According to Jim Hvizd, vice president for international business development at Raytheon Space and Airborne Systems, the Koreans assessed the competing radars on performance; operational suitability; acquisition and support costs; and contract and schedule. “We were the decisive winner in each category,” he claimed. Hvizd added that RACR is a repackaging of the APG-79 and APG-82 AESA radars designed for the F/A-18E/F Super Hornet and F-15E Strike Eagle, respectively. “The risk of integration into legacy platforms is low in our technology; we accommodate the interface on the radar, to minimize modifications to the jet itself,” he added.

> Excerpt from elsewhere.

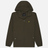 Lyle & Scott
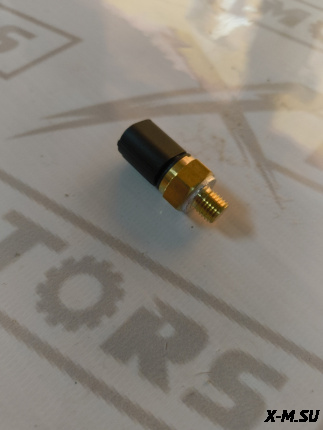 Датчик температуры МаксиСкутер PROMAX-HONDA ADV (только для EFI)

The ROKAF has led moves to modernize the F-16, and has already departed from tradition by appointing BAE Systems to integrate the upgrade, rather then the OEM. But Hvizd noted that the service has appointed Lockheed Martin to manage the Taiwan upgrade of 145 F-16A/Bs, and would evaluate the competing radars on behalf of the Republic of China Air Force (ROCAF). Although it had previously been supposed that most F-16 countries considering a radar upgrade would await the U.S Air Force’s choice between the RACR and the SABR, Hvizd said that others might also select ahead of the Pentagon. Because of delays in the F-35A program, the U.S. Air Force wants to upgrade 300 F-16s. Whether the plan will survive U.S. budget cutbacks remains to be seen.

Raytheon is also marketing the RACR to the eight international air arms that operate older F/A-18 Hornets. Hvizd declined to discuss individual countries, but told AIN that he “looks forward to some news [on F/A-18 upgrades] later this year.”